SO YOU THINK YOU
KNOW NEW YORK CITY

A few strange facts and stories that even a seasoned New Yorker might not know.

• There are more than 2,000 bridges in New York City. Two of them are retractile, meaning they can slide open or even be pulled ashore to let ships through.

• The life-size bronze elephant that stands in the United Nations Sculpture Garden on 46th Street was given to the U.N. in 1998 by the governments of Kenya, Namibia, and Nepal. But the anatomically correct animal sports a two-foot long…um…appendage. Today, plants strategically hide the controversial body part, but sadly, the garden is closed. You can still glimpse his front quarters from the street, though.

• Why are water towers and tanks so common on the rooftops of New York buildings? Because a water code from the 19th century specifies that all New York City buildings over six stories must have individual water storage enough to douse a fire above the sixth floor. Aqueducts and water pressure can take care of the first six floors; the amount of extra water and the size of the tank are commensurate with the number of extra floors.

• You can’t fly directly to California from LaGuardia Airport. A Perimeter Rule set by the Port Authority limits the number of miles an airplane can fly nonstop out of LaGuardia. Maximum: 1,500. After Flushing airport closed in 1984, most of its traffic was diverted to LaGuardia, so the Port Authority instituted the Perimeter Rule to avoid overcrowding.

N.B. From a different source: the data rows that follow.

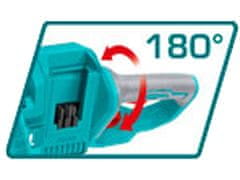 Total Akumulatorske škarje za živo mejo THTLI40028, Brushless, 20V Li-ion, 2000mAh, industrial, without battery and charger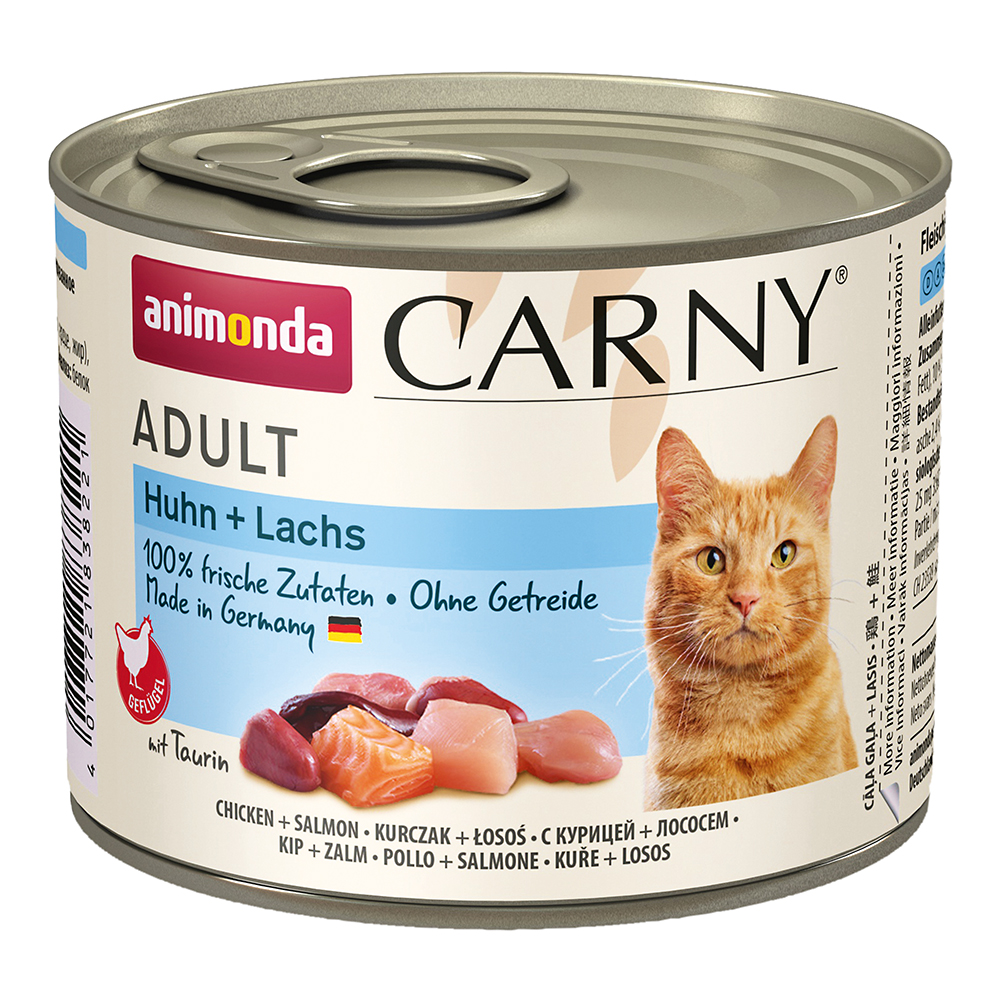 Adult Huhn & Lachs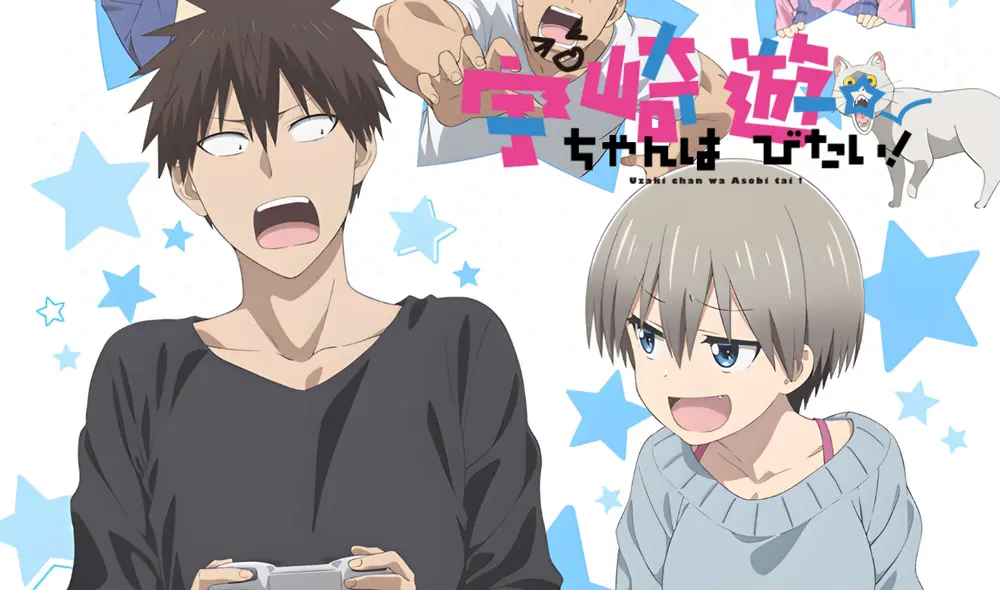 Uzaki-Chan Wa Asobitai se prepara para volver a estar en emisión. Foto: Niconico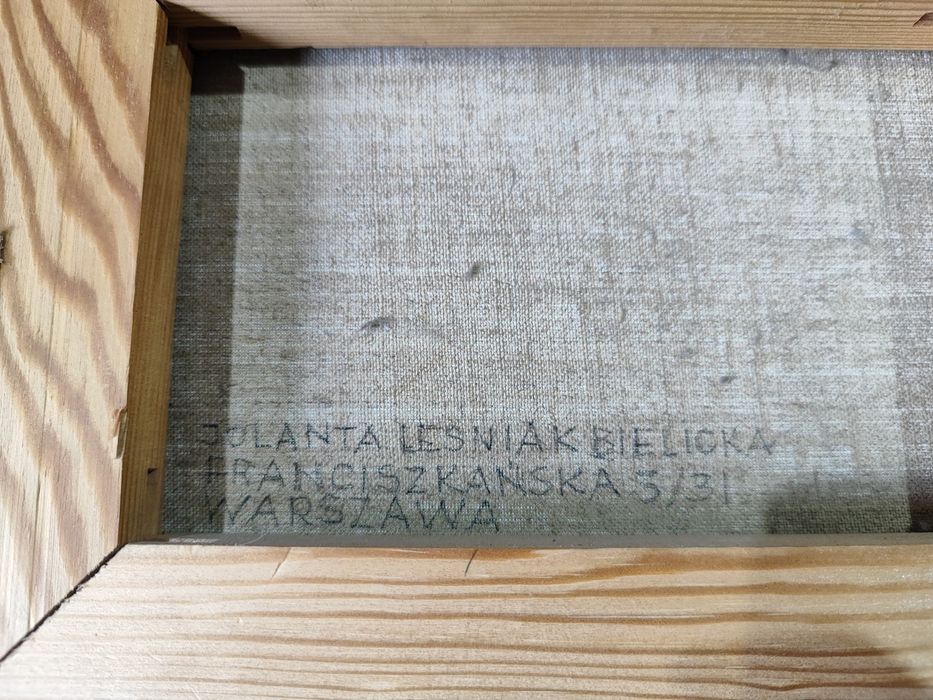 Obraz Róże Jolanta Leśniak Bielicka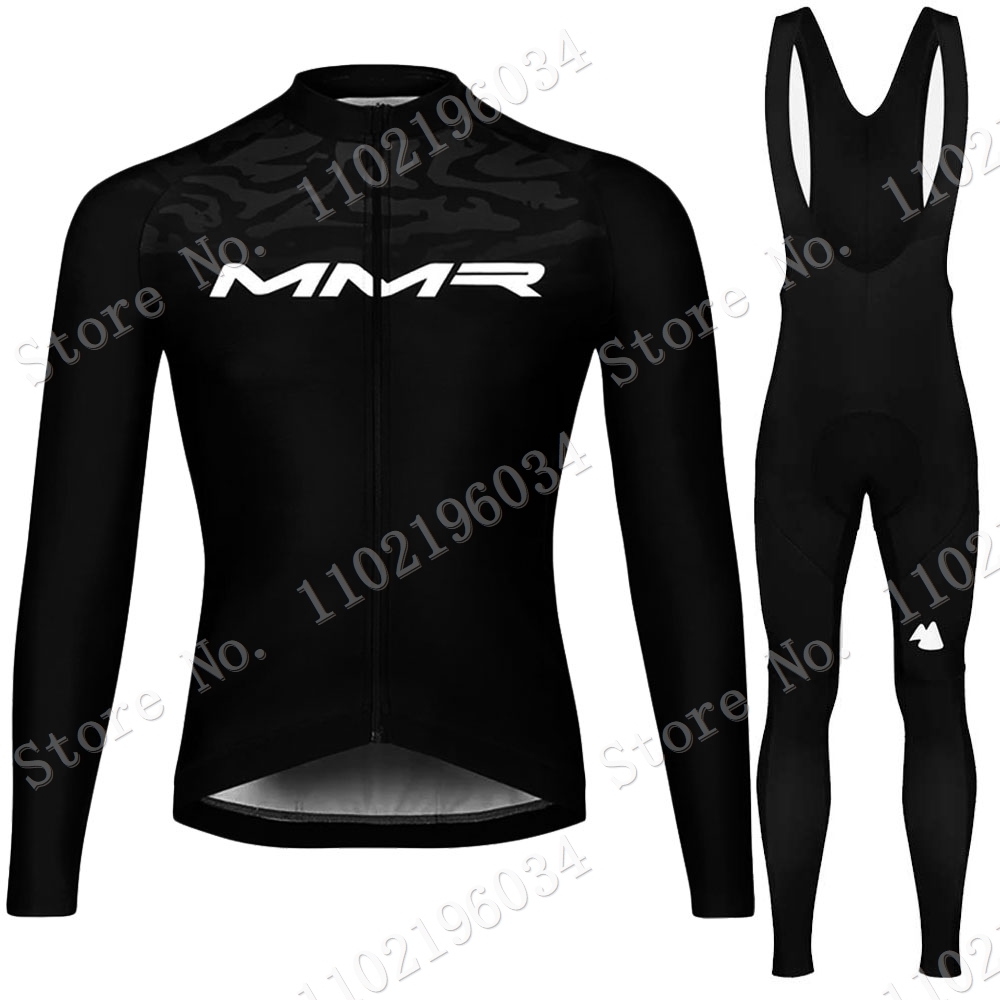 Jersey de ciclismo MMR Team 20 - Winter Clothing In Spanish reseña y precio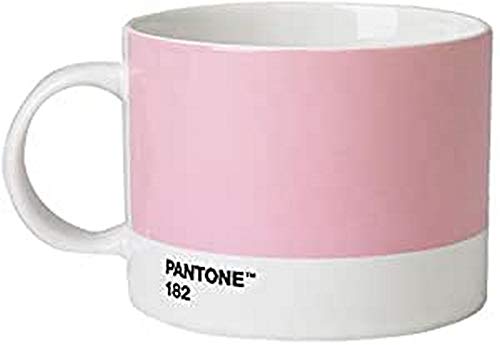 Pantone Teebecher, Porzellan, Light Pink 182, 1 Stück (1er Pack) von Pantone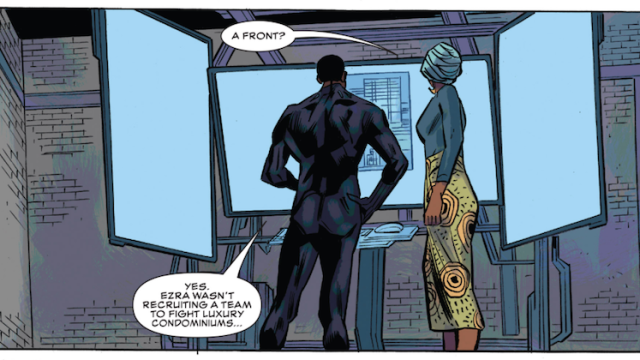 In Black Panther & The Crew, Hydra’s Getting Into The Most Nefarious Business Of All: Gentrification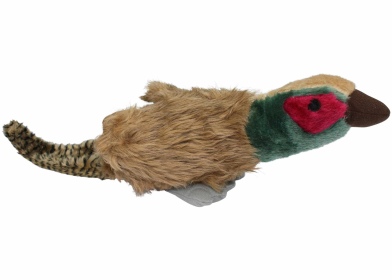 Multipet Migrators Pheasant Plush Dog Toy 18"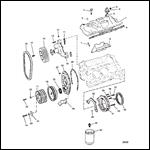 INTAKE MANIFOLD AND FRONT COVER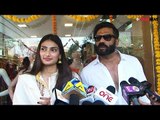 Sunil Shetty speaks on working with daughter Athiya, watch video | Filmibeat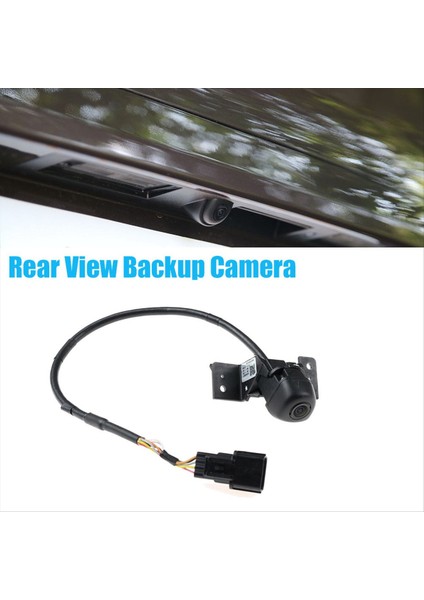 Araba Arka Görünüm Kamerası Assy 95760-D3101 95760-D3100 Hyundai Tucson 3 2015-2018 Park Yardımı Yedek Kamera 95760 D3100 (Yurt Dışından) fiyatları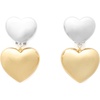 image:imagekate spade new york Heart You Drop EarringsSilver Gold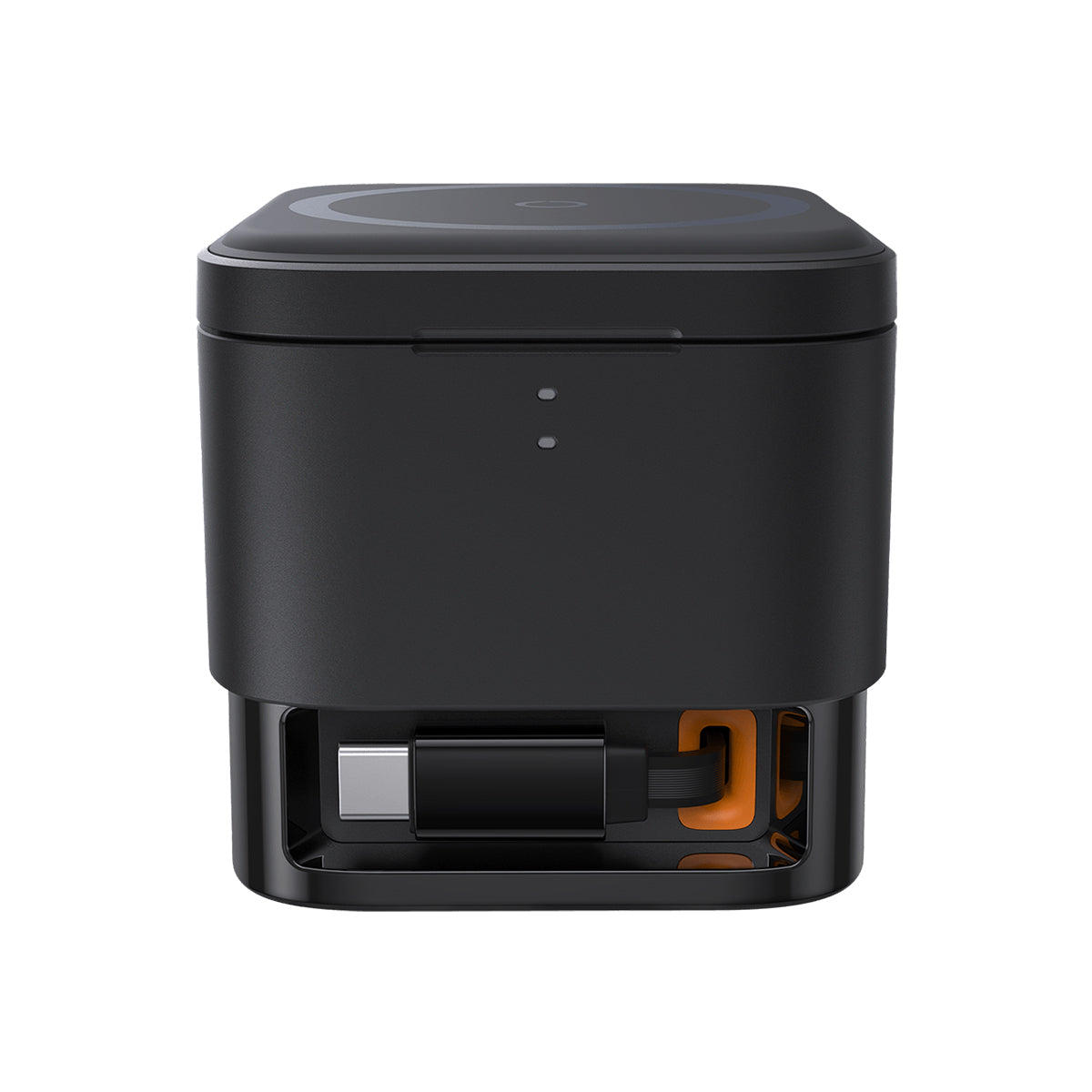 baseus-magpro-2-in-1-magnetische-wireless-ladestation-25w-2-in-1-lader-mit-integ image 4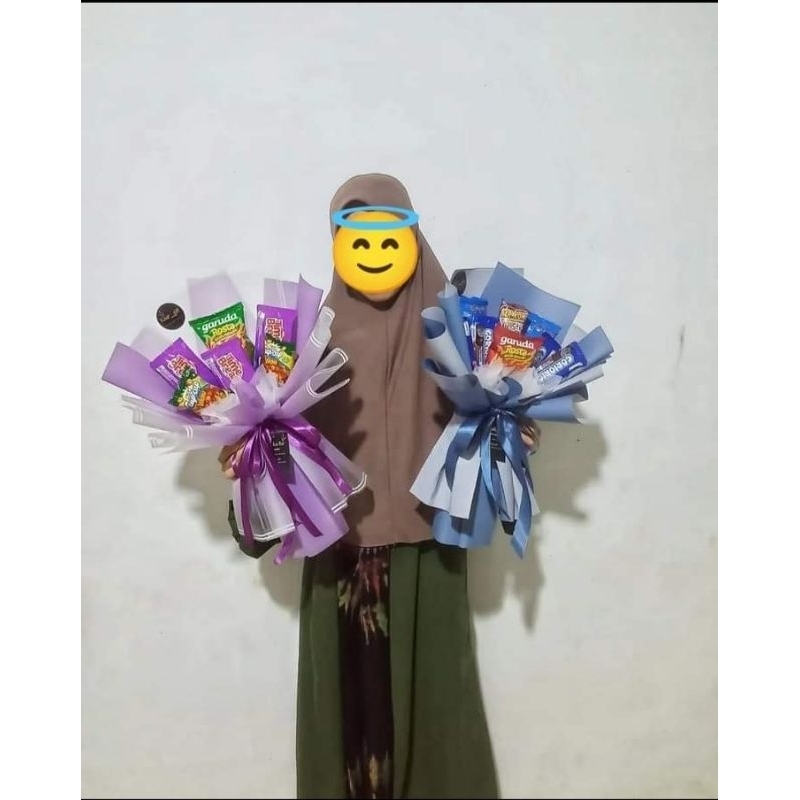 

BUKET SNACK ( HADIAH WISUDA ULANG TAHUN DLL)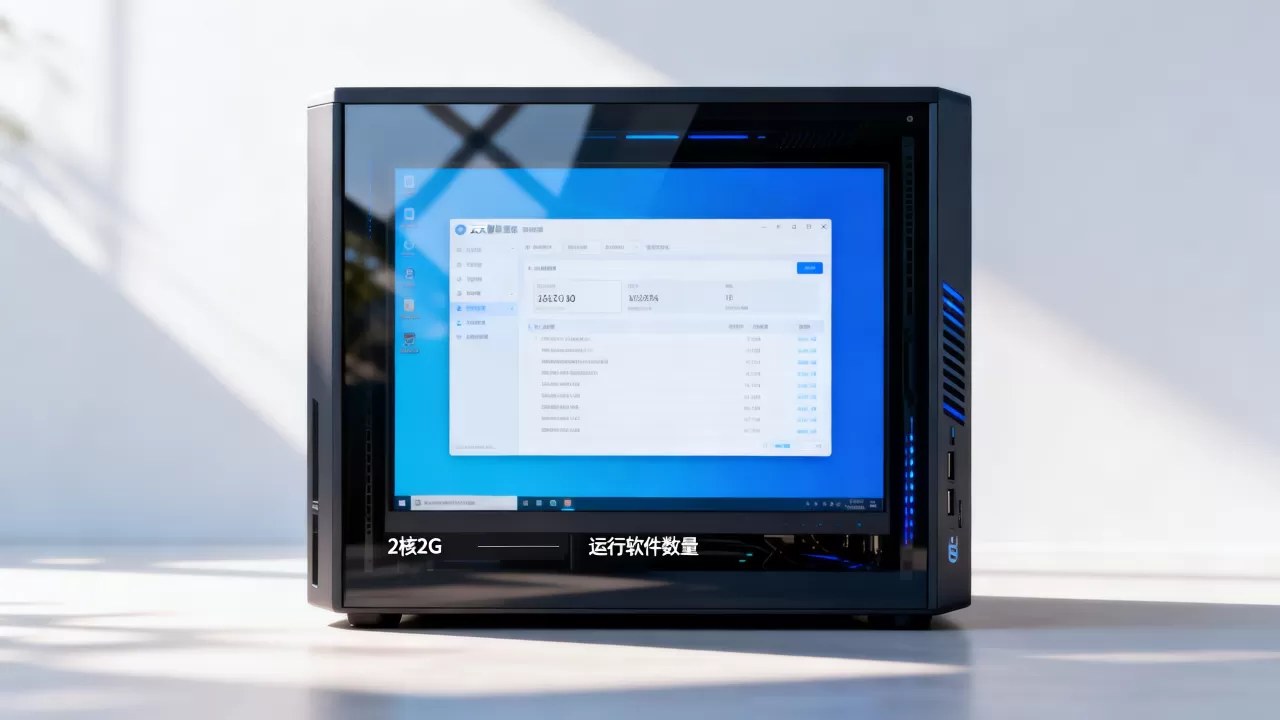 简米云服务器2核2g到底能运行多少软件，够用吗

Two exceptions: 1) There is no cap on Saturday, and 2) the rule doesn’t apply to flights to Denver (just over 1,700 miles) and some parts of the Caribbean—because nonstops from LaGuardia to those places were allowed before the rule was made.

• The next total solar eclipse visible from New York will happen on May 1, 2079.

In 1918 cartoonist Robert Ripley introduced his “Believe It or Not” feature in the New York Globe.